In these forums I have been explaining the same thing which I have explained here – that it is difficult to define the art of HR as it can involve so many different things. However, I have been talking about HR’s A, B, C – ambition, bravery and creativity – as the ‘canvas’ which provides the basis for HR to be more artful in our roles.
Art suits an ambitious agenda because if all we need is incremental improvements then we can do that job with science – using data, analytics, a little bit of extrapolation past current state trends. But if we are after transformation, we need to help people see new opportunities, or at least see existing opportunities in a new way. And for this, we need art.
I would also argue that given the world we operate in today, there is a clear need for transformation rather than incremental improvement. And it is not just me saying this – most of our Chief Executives are inferring something quite similar as well. Because I do think this is what the statement ‘people are our most important asset’ implies. If people are our most important asset, then we should be competing on this asset. And that means we need to move away from today’s best practices to create differentiated, best fit approaches that provide us with a competitive advantage. These approaches will then be some of the most critical processes operating in our businesses, and the function which runs them, HR, will be, and should be seen as, the most critical function operating within a business too.
This is quite a leap for most businesses and their HR functions today. And this is why we need a transformation, a greater ambition, and is also one of the reasons why we need the art of HR.
Bravery is the next part of the canvas, since because as soon as HR increases its ambition it needs to be braver in realizing this ambition too.
At one level this is simply about being prepared to challenge and say no. But at another level it needs to be about putting forward a completely new way of working – one based on putting people first.
This shift can be as simple, and as difficult, as changing the language used within the business. In the forums, I have been talking a lot about love (or a deep sense of emotional regard for other employees.) This is partly because I personally think love is important, and a real competitive differentiatior, and also because when I ask people about the art of HR, one of the most common attributes they raise with me is that HR artistry needs to be based on a real passion, or love, for people.

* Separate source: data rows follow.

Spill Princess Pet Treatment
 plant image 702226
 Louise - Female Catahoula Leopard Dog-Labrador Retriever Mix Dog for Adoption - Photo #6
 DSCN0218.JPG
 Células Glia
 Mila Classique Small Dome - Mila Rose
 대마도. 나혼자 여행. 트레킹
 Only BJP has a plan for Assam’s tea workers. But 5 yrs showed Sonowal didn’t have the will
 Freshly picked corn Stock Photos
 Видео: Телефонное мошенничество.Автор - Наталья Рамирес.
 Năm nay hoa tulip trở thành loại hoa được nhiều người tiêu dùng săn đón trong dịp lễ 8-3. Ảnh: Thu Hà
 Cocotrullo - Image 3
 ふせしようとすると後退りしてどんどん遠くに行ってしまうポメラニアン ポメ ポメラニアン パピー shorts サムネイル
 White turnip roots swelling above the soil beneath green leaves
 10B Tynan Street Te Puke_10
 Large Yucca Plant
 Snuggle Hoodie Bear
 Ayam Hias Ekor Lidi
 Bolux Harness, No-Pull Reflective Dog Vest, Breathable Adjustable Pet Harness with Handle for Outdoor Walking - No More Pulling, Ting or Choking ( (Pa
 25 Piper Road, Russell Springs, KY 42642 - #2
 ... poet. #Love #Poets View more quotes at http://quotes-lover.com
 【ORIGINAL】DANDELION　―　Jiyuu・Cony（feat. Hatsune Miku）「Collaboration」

But some organisations do not even feel able to talk about things as ‘soft and fluffy’ as engagement. So talking about love is going to be a very difficult challenge indeed. Hence we need bravery as the second enabler for the art of HR.
Ambition and bravery demand HR should be performed in a very different way. This is partly about moving from best practice to best fit, and a very business focused way of working to one which is more people shaped. But it is also more generally about creating new, imaginative and compelling practices which inspire, provoke and help employees see new opportunities in the capability, potential and engagement of themselves and other people, and in the relationships they themselves have with these other people.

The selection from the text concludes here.